Ce ne sera peut-être pas la Chine qui tirera la croissance économique du monde en 2021, comme on le croyait jusqu’ici. À voir ce qui se passe au sud de notre frontière, les États-Unis ont pris une option dans la course à la reprise. Et le Canada, qui s’apprête à offrir à sa population un budget de relance, devrait en prendre bonne note.

Hélène Baril Hélène Baril
La Presse

Comme les fleurs au printemps, les signes de reprise de l’économie se multiplient aux États-Unis. Seulement depuis le début d’avril, il y en a une flopée.

Les chiffres de l’emploi, publiés comme d’habitude le premier vendredi du mois, indiquent que l’économie américaine a créé presque 1 million d’emplois en mars, chiffre le plus élevé depuis août 2020. Si le taux de chômage reste élevé, à 6 %, les nouvelles inscriptions au chômage, mesurées de façon hebdomadaire, sont à leur niveau le plus bas depuis le début de la pandémie.

Avec un vaccin dans le bras et de l’argent dans leurs poches grâce au plan d’urgence de l’administration Biden, les consommateurs américains ne se sont pas fait prier pour dépenser. Les ventes au détail ont décollé en mars, avec une augmentation de 10 %. Certaines de ces dépenses sont révélatrices d’une sortie de crise : les achats de vêtements ont bondi de 18 %, tandis que les dépenses dans les restaurants et les bars ont augmenté de 13 %.

Toujours en mars, l’indice de confiance des consommateurs mesuré par le Conference Board a enregistré sa troisième hausse mensuelle en importance depuis les années 1970.

Le rebond du secteur des services était attendu, après des mois de restrictions sanitaires, mais le secteur manufacturier a aussi le vent en poupe. La Réserve fédérale américaine constate une frénésie de l’activité manufacturière dans les régions de New York et de Philadelphie, là où l’indice atteint son plus haut niveau en 50 ans.

Autre signe qui ne trompe pas, les mises en chantier de logements neufs ont fait un bond de 20 % en mars, à un sommet depuis 15 ans. Ça signifie 1,7 million de maisons et d’immeubles en construction. Les mises en chantier de logements sont actuellement à un niveau plus élevé qu’avant la pandémie, grâce aux taux d’intérêt très bas.

Au-delà des statistiques

Il n’y a pas que les chiffres officiels qui annoncent le beau temps. Les entreprises font aussi preuve d’un optimisme renouvelé tant dans les statistiques que dans la réalité. Des projets d’investissements privés de plusieurs dizaines de milliards de dollars sont dans l’air. Samsung parle d’investir 20 milliards US dans une usine de microconducteurs, et Google a annoncé des investissements de 7 milliards US et la création de 10 000 emplois sur le sol américain cette année.
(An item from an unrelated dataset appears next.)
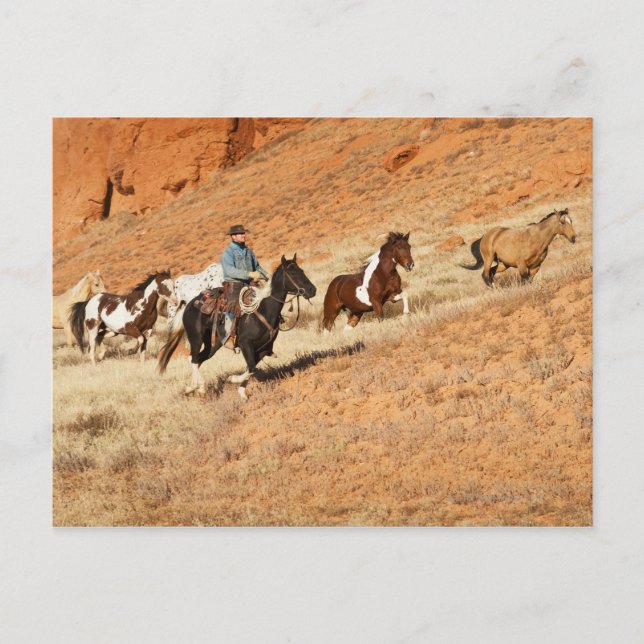Cowboy-Herdenpferde Postkarte (Vorderseite)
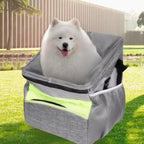 White dog in a gray pet carrier with a green grass background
Les transporteurs aériens sortent la tête de l’eau. American Airlines et Delta Air Lines perdent encore beaucoup d’argent, mais transportent de plus en plus de voyageurs. Le grand patron de Delta a dit à CNBC qu’il prévoyait un retour des profits à l’été.

Les banquiers américains sortent intacts de la crise ; certains en sortent même plus forts. Goldman Sachs et Morgan Stanley, notamment, affichent des résultats record.
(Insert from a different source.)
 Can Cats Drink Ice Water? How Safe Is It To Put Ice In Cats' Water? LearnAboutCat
Si tous ces signes produisent les fruits attendus, la récession de 2020 aura été la plus soudaine, la plus profonde et la plus courte de l’histoire des États-Unis.

Et le rebond pourrait aussi passer à l’histoire. Le Fonds monétaire international vient de réviser à la hausse des prévisions de croissance pour les États-Unis pour 2021, à 6,4 %, taux généralement associé aux économies émergentes. Les économistes de la Banque Nationale sont encore plus optimistes, à 6,6 %, et les prévisionnistes de Morgan Stanley tablent sur une croissance de 7,5 %, qui serait la plus forte depuis les années 1950.

Il n’en faut pas plus pour que le mot en B commence à circuler. B comme dans boom économique.